Une critique ouverte de la société de consommation
L’une des spécificités de Rockstar Games est là : “A travers des productions comme les GTA, ils offrent une critique de la société de consommation, et donc de la société américaine », souligne Haude Etienne-Naveau, spécialiste de la civilisation américaine ayant beaucoup travaillé sur sa représentation par les jeux vidéo.
« Les fausses pubs dans GTA en sont l’exemple parfait (la militarisation de la société américaine y est particulièrement tournée en dérision), mais ces critiques se retrouvent également dans le gameplay. L’Histoire est également mise en scène de manière assez astucieuse. Dans les GTA qui se déroulent à plusieurs époques, c’est le mythe du rêve américain qui est déroulé et déconstruit avec des personnages issus de l’immigration comme Niko Bellic dans le IV, par exemple. »

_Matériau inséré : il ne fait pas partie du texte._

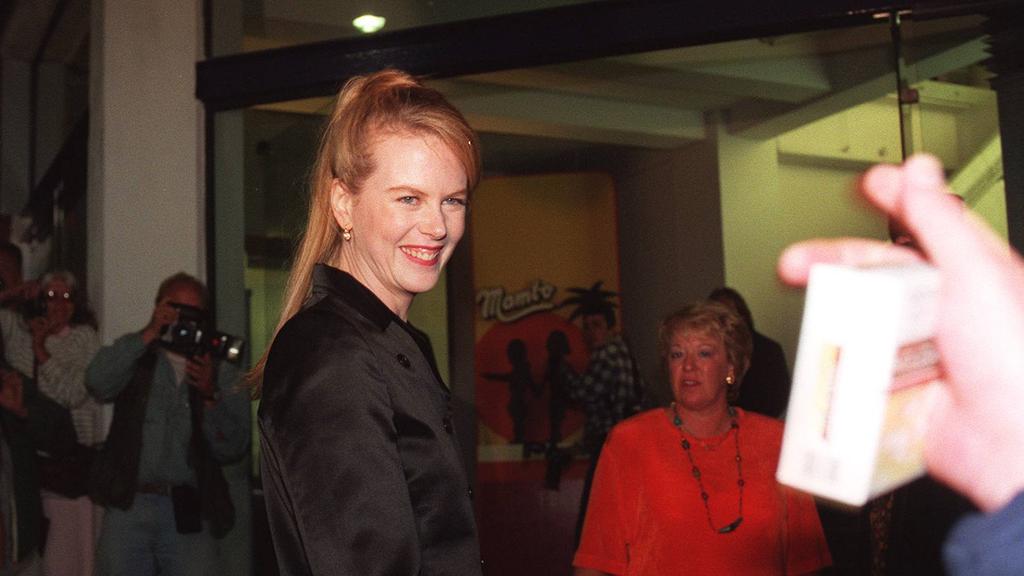 Nicole Kidman arriving at Verona cinema Paddington .P/ Feb 1996 /actor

« Le premier Red Dead Redemption reprend les mythes fondateurs américains : le droit à la poursuite du bonheur, avec Marston qui se bat et qui tue pour obtenir sa tranquillité ; le mythe de la frontière, qui est développé à travers le gameplay et son système d’exploration ; la destinée manifeste à travers ces héros américains qui prennent possession du territoire… Peu de jeux explorent ces idées de manière pertinente, et surtout, ce qui est phénoménal, c’est qu’ils le font à très grande échelle commerciale.”

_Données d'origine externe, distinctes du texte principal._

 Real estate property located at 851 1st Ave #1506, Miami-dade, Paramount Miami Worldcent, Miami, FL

Dans le même temps, explique-t-elle, “le coté bac à sable et monde ouvert permet l’exploration quasi totale de l’univers. Le joueur ou la joueuse évolue dans un univers de liberté, dans lequel on a l’impression de s’être débarrassé de la scénarisation prévue par les concepteurs.” Lesquels ont bien sûr anticipé cela.
“Ils ont une écriture assez classique, paradoxalement, mais qu’ils mettent en scène dans un univers-monde. Aujourd’hui, toutes les grosses franchises, de Star Wars à Game of Thrones, sont des terrains de jeu et ils se sont développés parce qu’ils ont toujours cette double culture du jeu. C’est la narratologie versus la ludologie, c’est-à-dire le récit vs le game. Je pense que c’est vraiment leur particularité : ils arrivent à faire la synthèse, à faire les deux. C’est une force indéniable.”
Red Dead Redemption 2 (Rockstar Games), sur PS4 et Xbox One, environ 60 €.